WASHINGTON (Reuters) - Current and former CEOs of three major U.S. financial institutions deeply involved in the widening subprime mortgage crisis were asked on Monday by a Congressional committee to testify at a hearing next month on their massive pay and severance packages.

A House of Representatives panel invited Countrywide Financial Corp CFC.N CEO Angelo Mozilo, former Citigroup Inc (C.N) CEO Charles Prince and former Merrill Lynch & Co Inc MER.N CEO Stanley O'Neal to appear and answer questions on February 7.

House Oversight and Government Reform Committee Chairman Henry Waxman, a 17-term California Democrat, said he was seeking testimony from the executives as part of an "ongoing investigation into executive pay."

In a letter on the hearing sent to Mozilo, Waxman wrote: "According to recent press reports, if Bank of America Corp (BAC.N) completes its proposed purchase of Countrywide Financial, you stand to collect tens of millions of dollars in severance payments and other compensation."

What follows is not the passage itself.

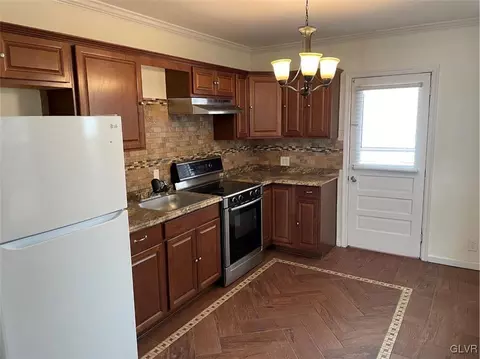 46 E Spruce St, Bethlehem, PA 18018 photo 2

Waxman asked Mozilo to be prepared to explain how his compensation package aligns with shareholders' interests and whether it "is justified in light of your company's recent performance and its role in the national mortgage crisis."

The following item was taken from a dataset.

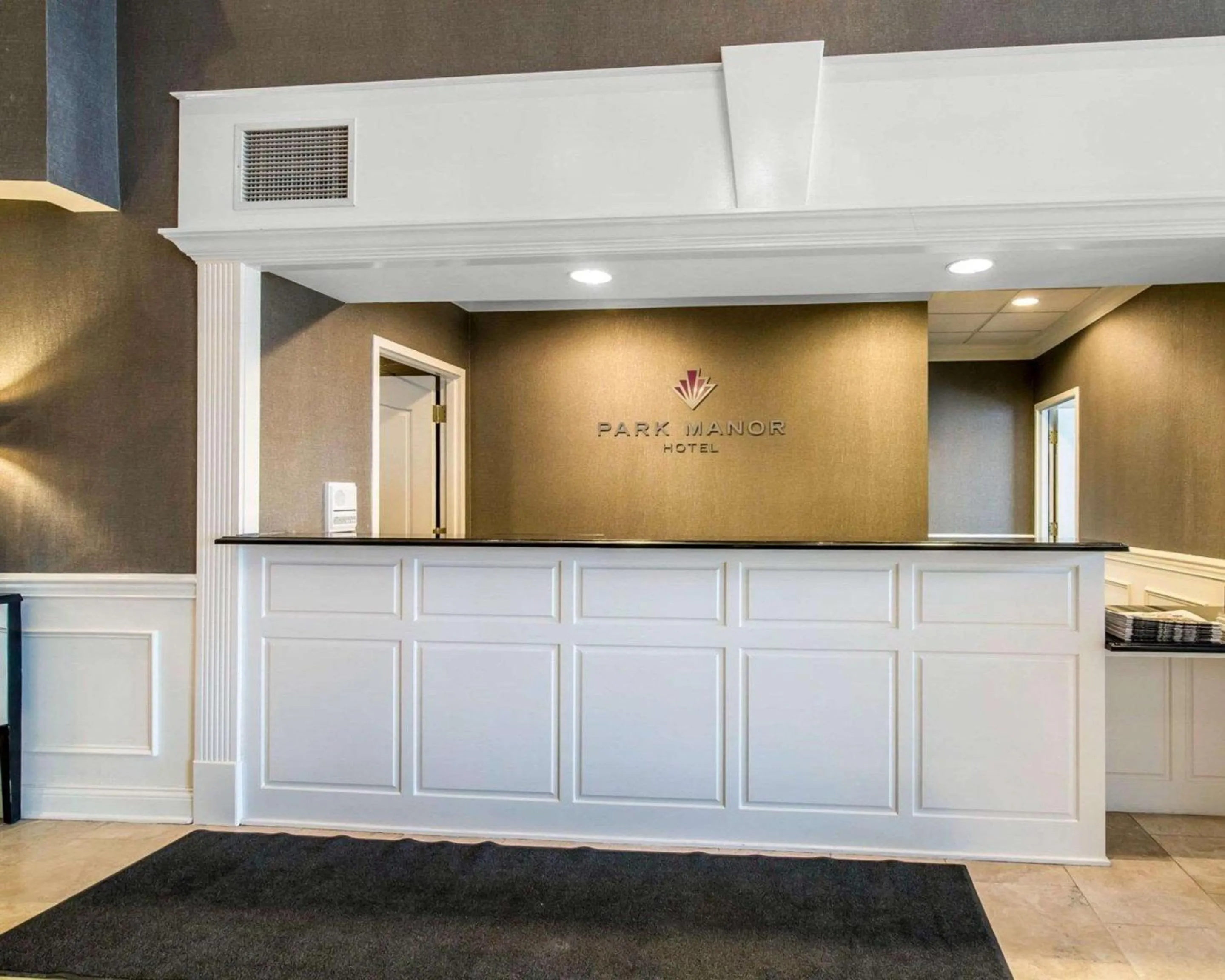 Lobby or reception in Park Manor Hotel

Bank of America said on Friday it agreed to acquire Countrywide -- the largest U.S. mortgage lender and the poster child, say critics, for the subprime crisis -- for $4 billion.

Prince quit in early November as chief executive while Citigroup posted billions of dollars in subprime losses and O'Neal was ousted amid similar circumstances at Merrill Lynch.

Despite these problems, Merrill said O'Neal would collect about $161.5 million in stock awards and benefits after leaving. One expert estimated shortly after his resignation that Prince would depart Citi with about $31 million.

The same House committee held a hearing last month on executive pay during which Waxman said: "In the 1980s, the CEOs of the nation's largest companies were paid 40 times more than the average employee. Now they make over 600 times more. At a typical company, 10 percent of corporate profits -- a staggering sum -- goes into the pockets of top executives."